Дмитрий Озерков: «Мы пытаемся доказать, что музей — живой»

28.08.2018

За последний год Государственный Эрмитаж стал одним из основных источников громких скандалов в Петербурге. Не проходит и недели, чтобы события внутри или около самого крупного музея России не попали в горячую десятку новостей. И почти все они связаны с современным искусством: Эрмитаж обвиняли в оскорблении чувств верующих, в жестоком обращении с животными, в том, что он не то показывает, не тому учит, что больше ориентирован на Запад, а про «скрепы» забывает. Дмитрий Озерков , заведующий отделом современного искусства Государственного Эрмитажа, рассказал о планах на юбилейный для России и всего мира год.

Рабочий тащит пулемет…

Дмитрий, следующий год — год 100-летия штурма Зимнего дворца, то есть Эрмитажа, где сейчас расположена главная экспозиция музея. Такое единство времени и места дает простор для фантазии. Что думаете делать? Будете снова брать Зимний штурмом?

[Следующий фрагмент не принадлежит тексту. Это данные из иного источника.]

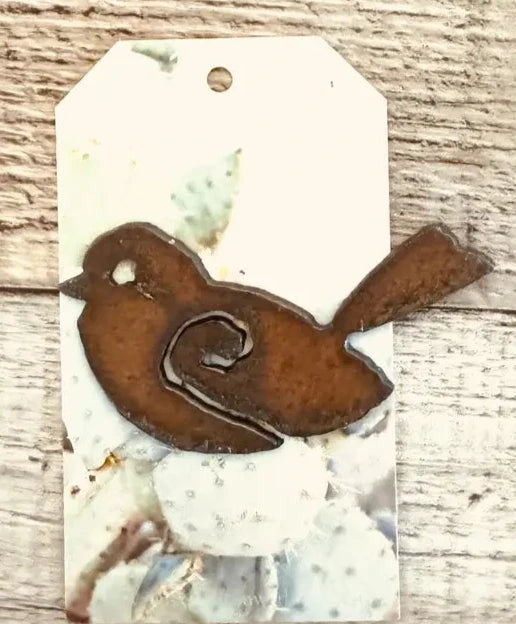 Bird with Swirl Hat pin Hat Bar Gift Rustic Metal USA Made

Для нас смысл этого юбилейного года — в том, что все говорят про революцию, а мы живем в тех залах, где она свершилась. Эрмитаж — Зимний дворец — это еще и место, где создан миф о революции. Комната Временного правительства, лестница, по которой бежали матросы, Керенский — все это происходило у нас, для нас это среда обитания. В этих залах Эйзенштейн снимал свой фильм «Октябрь» и творил очень важный для нашей истории и всего советского искусства историко-культурный миф. Арка Главного штаба, шедевр архитектуры Росси , тоже стала частью этого фильма-мифа, а мы в этом фильме живем и создаем в нем современное искусство. Сейчас уже проработаны детали проекта, связанного с Эйзенштейном, с его мифом о революции, с попыткой понять, что в фильме было реальным, а что — легендой. Ведь режиссер сам тоже был революционером: в построении кадра, в монтаже, в использовании звука. Мы об этом постараемся рассказать.

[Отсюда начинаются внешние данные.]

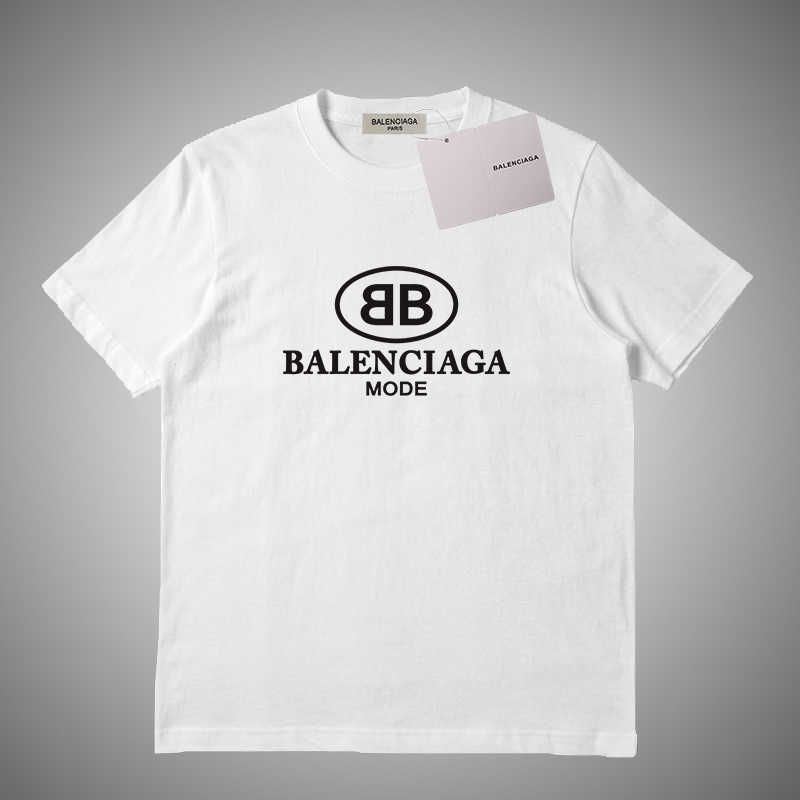 T-shirt in cotone con stampa Balenciaga, bianco - The Corner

Это будет живое действие или статичная выставка?

Большой выставочный проект с действием, презентациями, показами, дискуссиями. Второй проект юбилейного года — фотография. Мы хотим представить двух братьев Хенкиных , один из которых в первой трети XX века жил в Ленинграде, другой — в Берлине. Но это не знаменитые актеры Владимир и Виктор Хенкины , а их дальние родственники Евгений и Яков . Они фотографировали Берлин и Ленинград такими, какими те были в 1930-е годы. Братья снимали параллельную реальность, это их диалог о времени и о себе, им удалось запечатлеть установление репрессивного режима и в Германии, и в Советском Союзе. Снимков несколько тысяч, они никогда не выставлялись и нигде не печатались, они хранятся в одном частном архиве в Европе. Мы покажем и Берлин, и Ленинград. После Эрмитажа выставка поедет в Германию. Возможно, и в другие страны, потому что этот диалог сейчас очень важен для всей Европы. Третье событие — Ансельм Кифер , и это тоже будет очень важная выставка. Мы попросили Кифера сделать специально для Эрмитажа особый проект…

Провокации будут?

Да у нас не бывает провокаций, потому что провокация — это когда кто-то стоит голый или что-то взрывают! А у нас — люди, которые сами решили, что оскорблены их чувства. Никто же из нас не предполагал, что на выставке Фабра животные спровоцируют кого-то на протесты, что погибшие под колесами машин на автострадах Бельгии звери станут хедлайнерами новостей.

Скрепы кусаются

Когда Эрмитаж начал активно показывать современное искусство, казалось, что Пиотровский представляет его просто потому, что это модно, это привлекает молодую аудиторию. Музей самодостаточен своей коллекцией, своей историей, и, когда началось активное внедрение самых актуальных, модных западных художников, возникло ощущение, что Эрмитаж очень хочет, «задрав штаны, бежать за комсомолом».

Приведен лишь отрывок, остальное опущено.